Olivia Bethke made a debut worth tracking when she rode Mor Tiger Paw to a close second in Race 6 at Canterbury Park on June 20, losing by a head after a sharp, stalking trip in a $28,000 maiden special weight at 5 1/2 furlongs on dirt.
The finish turned the first start of her race-riding career into a family story as well as a competitive one. Benz Lake Echo won the race, and the official chart showed that both the winner and Mor Tiger Paw were trained by Troy A. Bethke. Sachin Parris was aboard Benz Lake Echo, and the race came down to a four-horse field after two scratches, leaving little room for error over the short trip.
Bethke, 22, brings a different kind of background to the saddle than most apprentices. She grew up around horses as the daughter of Minnesota trainer Troy Bethke, but her riding resume also includes Grand Prix show jumping. Canterbury Park’s Horse Person of the Week profile said she has been galloping racehorses for her father and other trainers and often brings horses to the paddock to be saddled, while her off-track work has centered on equestrian eventing and show jumping with retired Minnesota-bred racehorses.

That blend of track experience and upper-level horse sport is what makes her path unusual. Bethke has spent mornings on racehorses and evenings in another discipline, which can sharpen balance, timing and feel in ways that do not always show up in a conventional apprentice pipeline. Her first ride suggested she already knows how to put a horse in position and let the race come to her, even if the final margin left her just shy of a breakthrough win.

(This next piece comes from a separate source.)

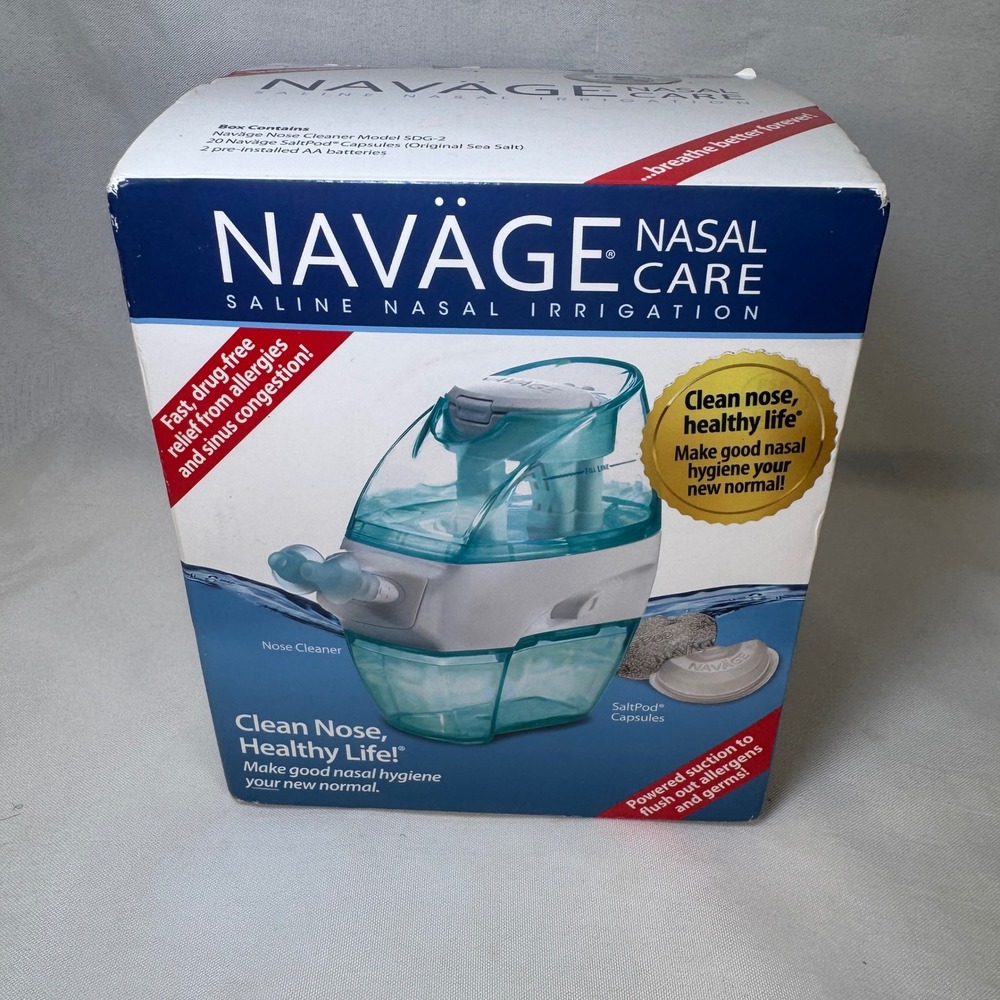 Navage Nasal Care Saline Nasal Irrigation System SDG-2 with 20 SaltPods New Box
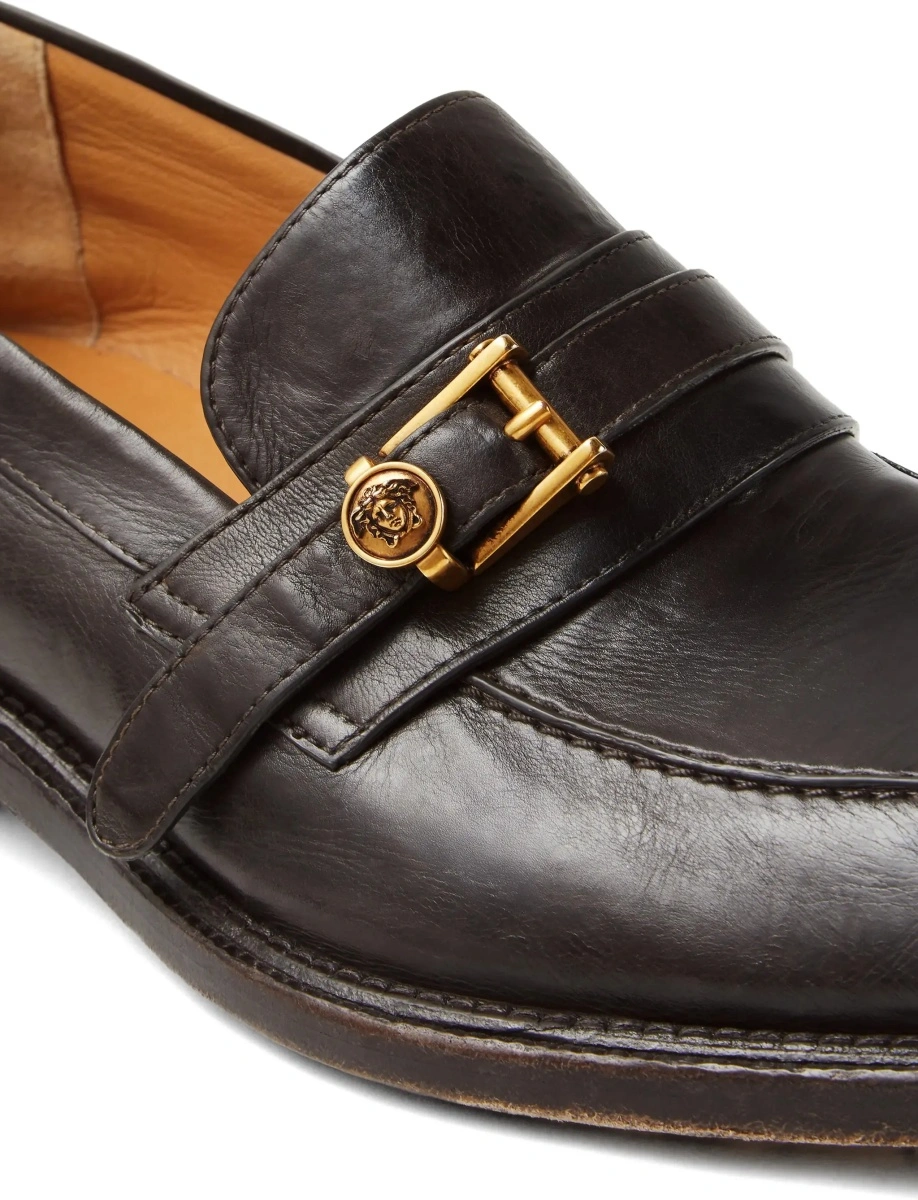 Mocasini Leather Loafers with Medusa accessory - Img 7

The debut also landed inside a program with deep Bethke roots. Canterbury says Troy Bethke became the first trainer in the Canterbury Park era to win back-to-back training titles in 1998, finishing with 30 wins, and the track’s 2026 live season runs 51 days from May 23 through Sept. 19, with races on Thursdays and Saturdays at 5 p.m. and Sundays and holidays at 1 p.m. For Canterbury, Olivia Bethke’s first mount was more than a novelty ride. It was the start of a new chapter from a familiar name.